_EXERCISE GOAL_. Please write out exactly the lines that begin at the line containing "Batik Bay‎ Red" and run to the end of the records.

_Crawled caption data_.
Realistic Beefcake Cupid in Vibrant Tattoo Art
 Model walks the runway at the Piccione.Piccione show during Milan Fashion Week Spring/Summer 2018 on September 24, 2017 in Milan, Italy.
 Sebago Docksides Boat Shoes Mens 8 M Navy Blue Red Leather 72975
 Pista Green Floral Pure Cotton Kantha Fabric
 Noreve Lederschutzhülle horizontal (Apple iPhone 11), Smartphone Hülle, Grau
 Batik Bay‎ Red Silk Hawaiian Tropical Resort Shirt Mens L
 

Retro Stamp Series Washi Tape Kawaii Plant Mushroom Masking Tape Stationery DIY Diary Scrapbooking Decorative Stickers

_SOLUTION TO THE PROBLEM_.
 Batik Bay‎ Red Silk Hawaiian Tropical Resort Shirt Mens L
 

Retro Stamp Series Washi Tape Kawaii Plant Mushroom Masking Tape Stationery DIY Diary Scrapbooking Decorative Stickers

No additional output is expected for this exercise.